Explore finding a model for fB from one of our density families.
- Investigate whether the type of call used to summon the taxi makes
much difference in mean trip time.
- Develop models for predicting trip time from other variables, both
the explicit ones and also trip distance. (This task has
many subparts, and will probably take up most of your time.)
Details of the prediction task:
- First try a linear model.
- Note that "linear" means "linear in the beta parameters." You
can and should also try polynomial models, using qePolyLin().
- Find an approximate 95% confidence interval for E(Y | X = u)
(X, u vectors), your choice of u, for your straight line model.

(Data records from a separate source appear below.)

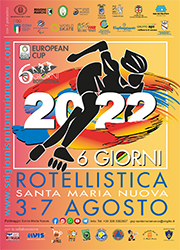 6 Giorni 2022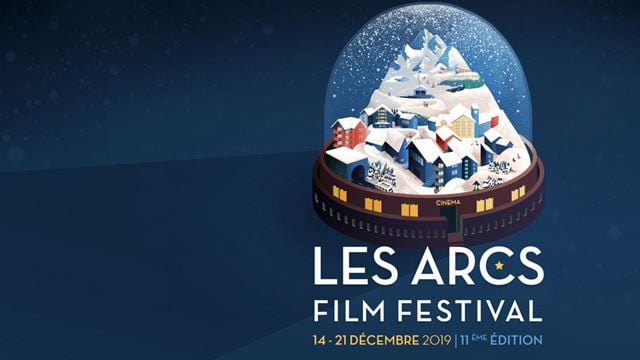 Les Arcs 2019 : Isabelle Huppert à l'honneur de la 11e édition du festival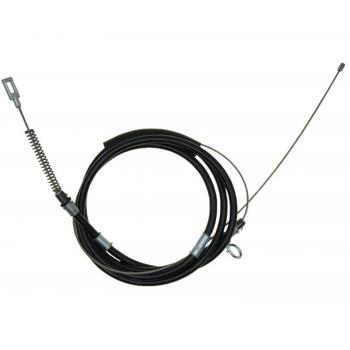 Raybestos BC96819 Parking Brake Cable product image 2 of 2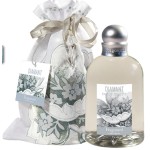 Fragonard - Fragonard Diamant Eau De Toilette - Clear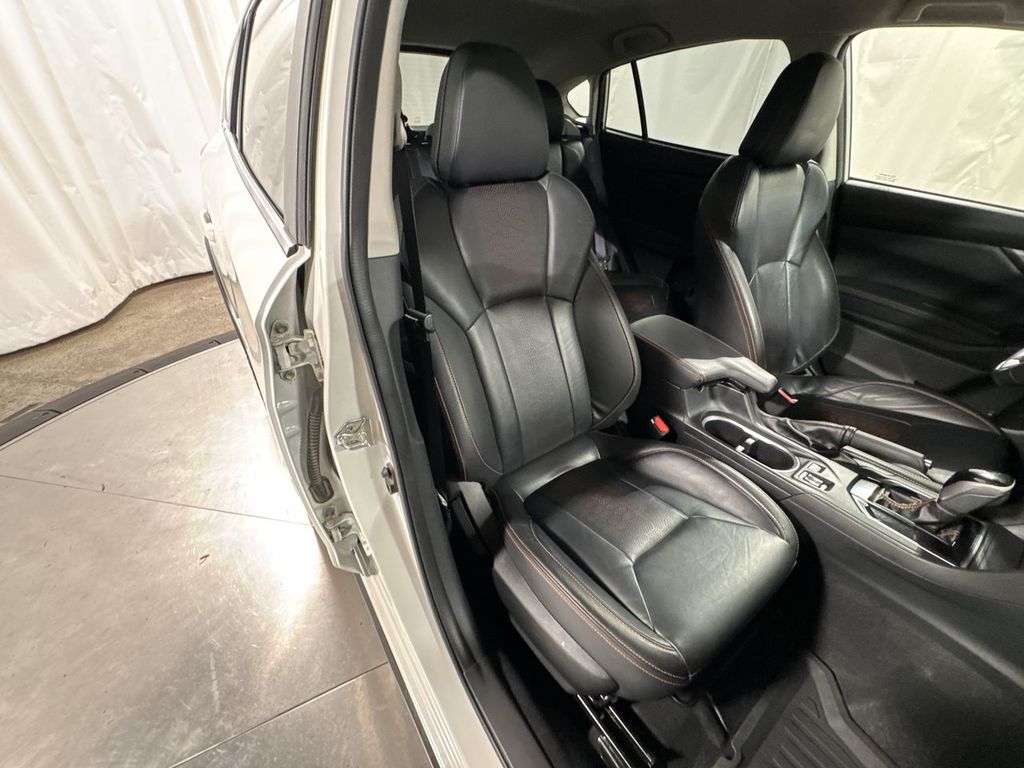 used 2021 Subaru Crosstrek car, priced at $18,700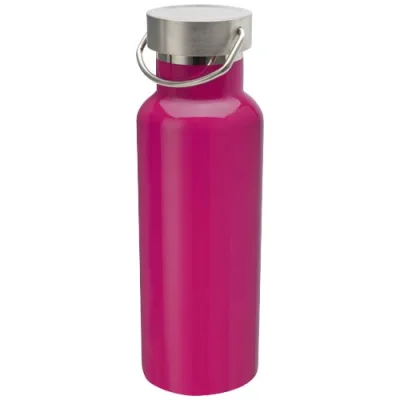 Bouteille d’eau Thor de 500 ml en acier inoxydable certifié RCS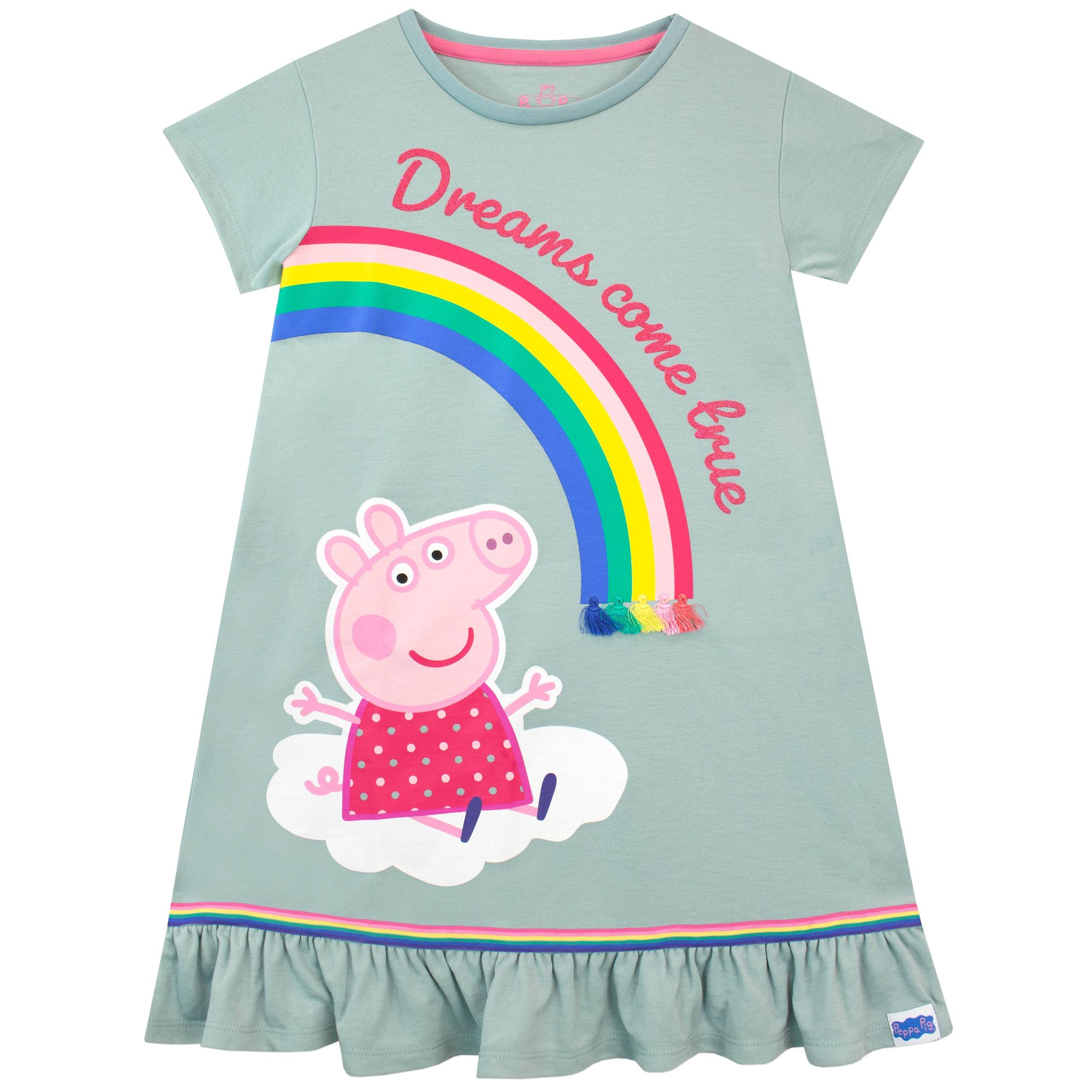 Peppa Pig Nightdress Kids - Main Image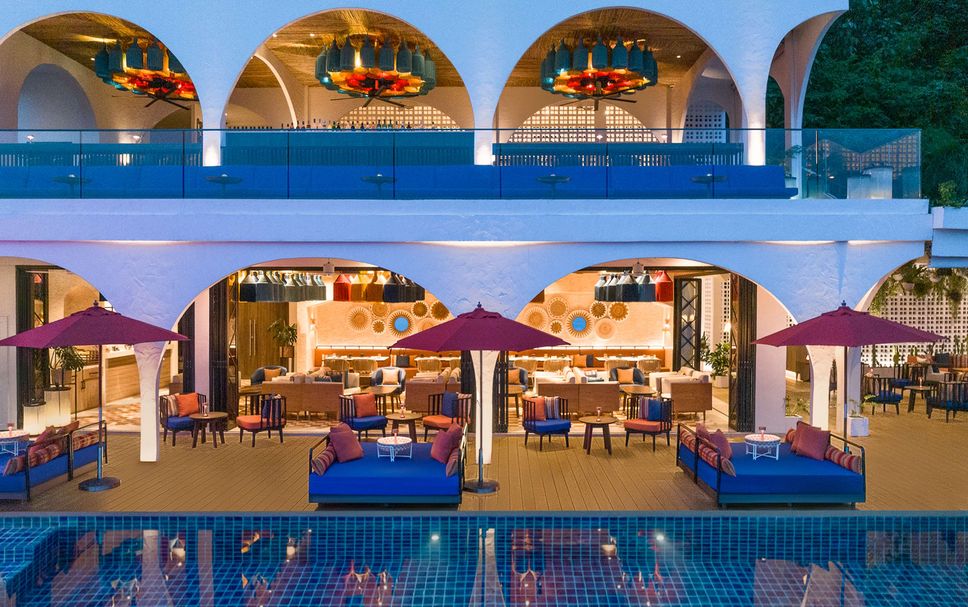 Piscina Foto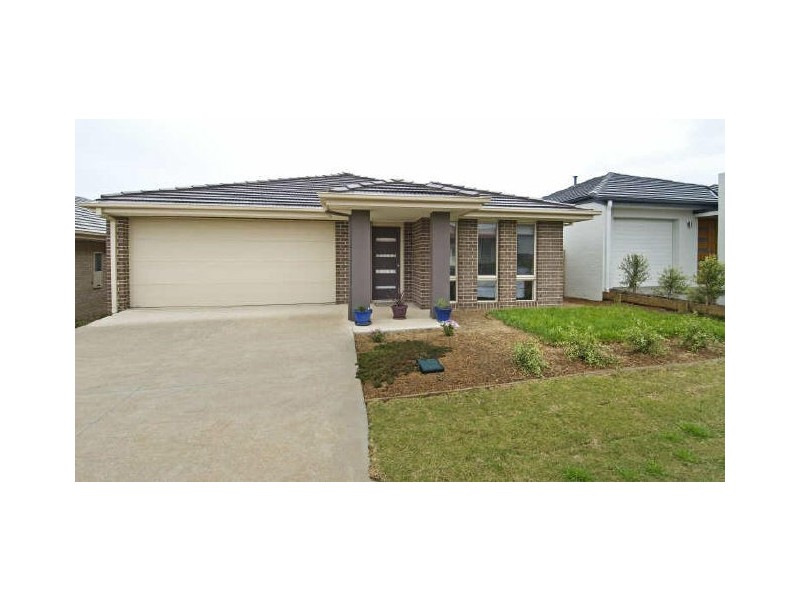 12 Allnutt Crescent, Forde ACT 2914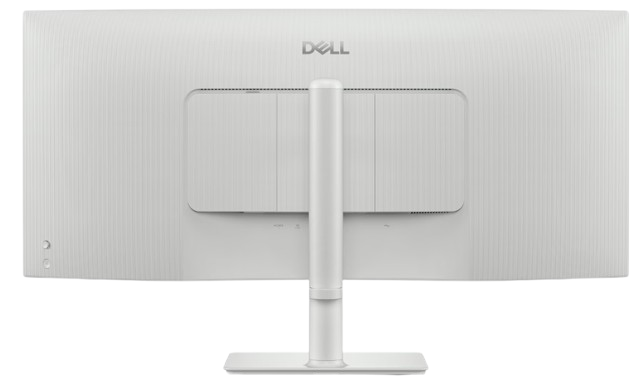 Monitor Dell Gamer Alienware Curvo | 34 Pulgadas Qhd |Aw3425Dwm | 240 Hz | Amd Freesync | 210-Bpkx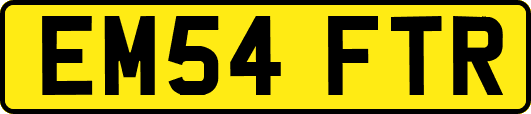 EM54FTR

- Then try two machine learning models, chosen from
In each case, you may wish to try some nondefault values for the
hyperparameters. (Some of the models have many hyperparameters, some of
them very esoteric; you need not learn them all.)
I suggest you use
the rough draft of my forthcoming book to learn what these methods
do. Or, there are many good, usually brief, tutorials on the Web.
I will give
brief overviews of ML methods in class.
- Compare the predictive power of the methods you used above (several
linear models plus two ML).
Important General Rules
PLEASE FOLLOW THESE RULES 100%!
- Groups that put in a reasonable amount of time -- and thought! --
almost always receive an A or A+ grade on the project. Groups that
do not complete the project usually get a D grade. PLEASE START
- As explained in class, groups that do good work on the project
receive an extra bonus in their course grades, beyond what your quiz
and homework grades are. The boost is always at least one
notch (e.g. B to B+) and typically two notches (e.g. B to A-). E.g. a
student could have strictly B work in the homework and quizzes and
yet still get an A- in the course.
- A+ grades are very possible, and can have a significant impact
on your course grade, letters of recommendation, knighthoods,
marriage prospects, coronations, etc.
- Technical content of the work (correctness, thoroughness etc.).
- Adherence to instructions.
- Professional quality of the work: Clear, engaging writing,
using correct grammar; it need not (should not) be pretentious, but
avoid being too colloquial ("the mean was kinda low"). Presentation
need not be fancy, but graphs and tables should be used where helpful.